On n'a pas commencé à penser ce qu'est vivre sans limite de temps, c'est-à-dire n'avoir pas à subir un emploi-du-temps : le Contemporain, qui juge décidément tout à sa triste mesure, se contente, pour concevoir ce qui est complexe, d'extrapoler un peu à partir de lui, supposant que n'importe quelle notion élaborée se réduit à une extension de lui, si bien qu'en prolongeant son insignifiance il se sent bientôt incarner un vampire ou toute autre créature de nature distincte avec une probabilité qu'il croit assez juste. C'est ainsi qu'il suppose qu'une existence éternelle consiste en une sorte de vacance poussée au-delà de ses congés légaux, et, se plaisant en idée à vivre sans durée dans une demeure nocturne, à continuer plus que de raison le sommeil matinal et le loisir des écrans, et à folâtrer benoîtement parmi des hommes qu'avec sa force physique il peut aisément mystifier pour leur plaire et asseoir sa sociabilité. En somme, comme il connaît ses penchants, sans se figurer des états différents du sien, environ comme on fantasme un petit moment sur l'espoir du grand tirage du loto, il songe, mais suivant ses facultés actuelles et avec une vulgarité ridicule, à des situations aussi délicatement subtiles que la guerre héroïque ou que l'immortalité.
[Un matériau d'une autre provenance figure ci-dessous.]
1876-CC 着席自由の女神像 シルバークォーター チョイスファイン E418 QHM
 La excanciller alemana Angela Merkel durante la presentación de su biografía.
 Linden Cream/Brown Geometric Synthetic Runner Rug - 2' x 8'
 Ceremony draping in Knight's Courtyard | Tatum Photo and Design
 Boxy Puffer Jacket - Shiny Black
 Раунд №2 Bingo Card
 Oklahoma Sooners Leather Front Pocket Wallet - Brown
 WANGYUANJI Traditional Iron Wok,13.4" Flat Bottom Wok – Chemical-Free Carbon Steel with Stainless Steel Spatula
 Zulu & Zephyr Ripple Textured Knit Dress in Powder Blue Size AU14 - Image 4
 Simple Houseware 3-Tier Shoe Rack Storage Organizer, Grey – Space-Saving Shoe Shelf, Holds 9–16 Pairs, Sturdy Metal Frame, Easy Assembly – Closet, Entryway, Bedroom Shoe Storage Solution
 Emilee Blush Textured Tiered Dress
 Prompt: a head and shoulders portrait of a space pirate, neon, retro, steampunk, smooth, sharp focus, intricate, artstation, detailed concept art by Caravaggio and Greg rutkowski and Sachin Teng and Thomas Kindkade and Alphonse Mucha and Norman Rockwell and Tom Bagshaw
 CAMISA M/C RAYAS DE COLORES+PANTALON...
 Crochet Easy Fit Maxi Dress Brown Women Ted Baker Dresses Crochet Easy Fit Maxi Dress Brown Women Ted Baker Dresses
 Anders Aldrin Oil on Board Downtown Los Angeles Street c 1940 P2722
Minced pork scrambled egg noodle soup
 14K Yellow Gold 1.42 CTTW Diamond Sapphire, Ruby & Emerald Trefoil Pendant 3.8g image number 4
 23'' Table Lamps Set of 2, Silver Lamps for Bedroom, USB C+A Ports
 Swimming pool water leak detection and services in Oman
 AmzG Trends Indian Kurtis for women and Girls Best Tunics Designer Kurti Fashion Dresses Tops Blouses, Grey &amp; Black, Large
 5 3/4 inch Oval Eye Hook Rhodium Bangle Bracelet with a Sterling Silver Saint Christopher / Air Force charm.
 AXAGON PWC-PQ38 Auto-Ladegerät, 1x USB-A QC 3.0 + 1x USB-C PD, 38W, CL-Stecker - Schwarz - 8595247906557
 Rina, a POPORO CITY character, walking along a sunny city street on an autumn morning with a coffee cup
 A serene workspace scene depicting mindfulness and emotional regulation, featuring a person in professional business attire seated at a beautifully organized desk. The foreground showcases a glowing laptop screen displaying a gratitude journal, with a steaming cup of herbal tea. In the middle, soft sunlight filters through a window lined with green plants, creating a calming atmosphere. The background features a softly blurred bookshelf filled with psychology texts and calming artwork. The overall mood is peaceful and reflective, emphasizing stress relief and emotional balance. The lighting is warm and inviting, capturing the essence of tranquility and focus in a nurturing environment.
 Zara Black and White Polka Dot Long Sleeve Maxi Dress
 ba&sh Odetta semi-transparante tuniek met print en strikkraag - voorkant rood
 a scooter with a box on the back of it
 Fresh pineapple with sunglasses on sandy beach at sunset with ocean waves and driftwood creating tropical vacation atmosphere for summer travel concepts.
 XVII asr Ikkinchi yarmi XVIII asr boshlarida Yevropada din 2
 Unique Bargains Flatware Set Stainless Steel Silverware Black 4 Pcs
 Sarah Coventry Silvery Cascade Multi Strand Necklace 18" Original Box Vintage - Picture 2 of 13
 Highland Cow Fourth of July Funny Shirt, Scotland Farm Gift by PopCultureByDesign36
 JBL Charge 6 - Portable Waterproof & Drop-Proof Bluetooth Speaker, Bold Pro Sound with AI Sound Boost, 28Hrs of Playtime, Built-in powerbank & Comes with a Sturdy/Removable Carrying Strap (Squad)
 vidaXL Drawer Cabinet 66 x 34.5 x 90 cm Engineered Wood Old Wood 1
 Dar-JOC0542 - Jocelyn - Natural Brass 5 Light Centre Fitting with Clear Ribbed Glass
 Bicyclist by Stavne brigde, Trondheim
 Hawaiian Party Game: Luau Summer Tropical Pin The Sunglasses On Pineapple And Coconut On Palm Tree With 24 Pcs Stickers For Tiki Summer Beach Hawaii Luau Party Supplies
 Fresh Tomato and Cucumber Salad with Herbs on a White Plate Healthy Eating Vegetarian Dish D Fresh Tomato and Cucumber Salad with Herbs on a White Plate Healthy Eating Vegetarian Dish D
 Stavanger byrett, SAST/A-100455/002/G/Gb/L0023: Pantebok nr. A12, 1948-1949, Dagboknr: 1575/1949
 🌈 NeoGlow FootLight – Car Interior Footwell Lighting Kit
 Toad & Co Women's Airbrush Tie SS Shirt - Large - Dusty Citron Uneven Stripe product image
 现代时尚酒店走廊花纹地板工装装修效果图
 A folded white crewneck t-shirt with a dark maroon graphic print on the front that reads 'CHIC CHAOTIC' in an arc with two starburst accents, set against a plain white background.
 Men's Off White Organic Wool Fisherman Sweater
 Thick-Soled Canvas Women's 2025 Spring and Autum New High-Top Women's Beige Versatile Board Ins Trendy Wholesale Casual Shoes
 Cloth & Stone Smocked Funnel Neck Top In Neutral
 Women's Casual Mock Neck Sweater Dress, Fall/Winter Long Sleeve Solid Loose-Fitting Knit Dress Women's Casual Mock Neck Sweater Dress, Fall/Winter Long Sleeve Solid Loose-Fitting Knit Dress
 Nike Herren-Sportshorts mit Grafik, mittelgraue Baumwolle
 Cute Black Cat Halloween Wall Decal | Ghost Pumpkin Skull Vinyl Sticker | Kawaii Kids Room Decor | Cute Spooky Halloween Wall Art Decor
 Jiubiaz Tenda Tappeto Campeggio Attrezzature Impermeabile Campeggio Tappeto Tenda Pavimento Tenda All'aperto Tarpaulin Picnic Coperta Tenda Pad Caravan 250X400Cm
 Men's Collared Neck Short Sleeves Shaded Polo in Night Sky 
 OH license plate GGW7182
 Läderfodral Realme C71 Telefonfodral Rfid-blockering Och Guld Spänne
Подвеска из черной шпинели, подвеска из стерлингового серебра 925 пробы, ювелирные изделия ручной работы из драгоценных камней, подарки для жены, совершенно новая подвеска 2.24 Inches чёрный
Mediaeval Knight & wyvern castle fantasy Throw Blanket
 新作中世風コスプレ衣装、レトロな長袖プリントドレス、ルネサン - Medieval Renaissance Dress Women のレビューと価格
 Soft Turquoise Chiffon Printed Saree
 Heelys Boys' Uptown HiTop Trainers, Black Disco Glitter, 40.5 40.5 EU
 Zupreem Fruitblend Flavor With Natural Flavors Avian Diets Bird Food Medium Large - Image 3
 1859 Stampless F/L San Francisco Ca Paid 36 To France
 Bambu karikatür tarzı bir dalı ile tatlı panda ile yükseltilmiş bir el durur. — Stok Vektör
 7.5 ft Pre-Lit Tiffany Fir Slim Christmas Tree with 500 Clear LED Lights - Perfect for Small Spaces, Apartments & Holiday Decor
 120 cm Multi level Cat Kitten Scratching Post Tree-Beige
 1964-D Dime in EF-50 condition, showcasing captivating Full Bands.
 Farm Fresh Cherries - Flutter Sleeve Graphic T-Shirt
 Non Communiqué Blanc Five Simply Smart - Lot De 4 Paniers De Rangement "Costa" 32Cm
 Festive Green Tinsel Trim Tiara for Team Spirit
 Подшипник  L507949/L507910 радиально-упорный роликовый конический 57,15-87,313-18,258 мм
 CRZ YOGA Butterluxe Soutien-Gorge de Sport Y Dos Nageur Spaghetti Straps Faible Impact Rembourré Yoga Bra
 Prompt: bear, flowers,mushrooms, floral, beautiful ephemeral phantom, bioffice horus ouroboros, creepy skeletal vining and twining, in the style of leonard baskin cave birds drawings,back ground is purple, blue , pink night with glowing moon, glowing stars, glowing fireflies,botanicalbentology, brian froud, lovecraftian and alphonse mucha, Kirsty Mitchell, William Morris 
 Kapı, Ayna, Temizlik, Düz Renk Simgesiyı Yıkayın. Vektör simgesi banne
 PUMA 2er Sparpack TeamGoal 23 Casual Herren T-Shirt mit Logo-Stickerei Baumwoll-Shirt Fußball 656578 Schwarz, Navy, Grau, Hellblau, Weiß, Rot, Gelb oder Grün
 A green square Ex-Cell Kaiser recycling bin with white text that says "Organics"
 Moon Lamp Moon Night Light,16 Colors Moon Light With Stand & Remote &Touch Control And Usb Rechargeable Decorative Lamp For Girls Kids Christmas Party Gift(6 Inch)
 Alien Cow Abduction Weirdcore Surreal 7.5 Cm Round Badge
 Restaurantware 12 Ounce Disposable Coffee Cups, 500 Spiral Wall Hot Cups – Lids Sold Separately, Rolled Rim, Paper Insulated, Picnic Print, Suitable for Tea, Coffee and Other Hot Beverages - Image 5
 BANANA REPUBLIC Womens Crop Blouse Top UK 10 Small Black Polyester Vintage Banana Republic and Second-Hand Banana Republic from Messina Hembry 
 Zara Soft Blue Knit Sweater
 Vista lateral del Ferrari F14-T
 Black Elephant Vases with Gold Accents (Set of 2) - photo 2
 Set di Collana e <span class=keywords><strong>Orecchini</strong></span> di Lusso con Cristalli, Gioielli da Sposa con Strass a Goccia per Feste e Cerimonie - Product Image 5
Or, ce qui fait justement le cœur de l'évanescence du Contemporain, c'est le sentiment d'inculpabilité qu'il tire de la durée limitée des plaisirs, et qui les justifie tous. Il a la naïveté de penser qu'il travaille et que le divertissement est son dû, et parce qu'il vaque continuellement d'une activité relative à un abandonnement inconsistant, il se croit légitime à profiter du « peu » de temps dont il dispose, et diffère sans cesse son rôle et sa conséquence. Autrement dit, pour lui il est toujours temps de remettre à plus tard, et la pause syndicale, la fin de journée, le week-end, les congés annuels et la retraite, ne suffisent jamais à s'atteler à la recherche de l'essentiel, à se saisir de questions d'importance, à s'appliquer à une tâche autonome et délibérée, car il prend ces durées pour des récompenses qui ne servent qu'à décompresser du « sérieux » et de la « rigueur » d'une profession dont il préfère nier la facilité et les routines. En somme, ce qui contribue intrinsèquement à l'éparpillement et à l'évaporation de la personne humaine, c'est l'excuse sempiternelle de manquer de temps, ce qui le rend si foncièrement inactif et insoucieux de s'accomplir, et si oublieux de s'imposer la réflexion d'un sens et rien que d'une direction – sensation d'avoir déjà suffisamment « œuvré ». Il procrastine, si l'on veut ; ou plus exactement il bâtit sa bonne-conscience, malgré son soupçon de disparaître ou de n'être jamais apparu. Il n'a pas besoin d'être quelqu'un, de se charger d'un devoir personnel, de se saisir de l'idée de son progrès, de s'emparer de lui-même : sa profession, croit-il, lui laisse le droit de reculer la forge de sa nécessité, et l'illusion qu'elle lui procure est d'acquérir une supériorité suffisante. Il se repose toujours parce qu'il entretient la fraude de la fatigue à cause de sa fonction sociale qui, selon lui, ne lui permet pas l'opportunité d'un centrage : il s'échappe ainsi incessamment de ce qu'il devrait être c'est-à-dire penser et faire, par dégoût d'un effort dont il prend l'étalon sur son piteux travail, et la conception que sa liberté n'est faite que de périodes provisoires de « convalescence » lui offre une dispense perpétuelle pour une inexistence sans fin.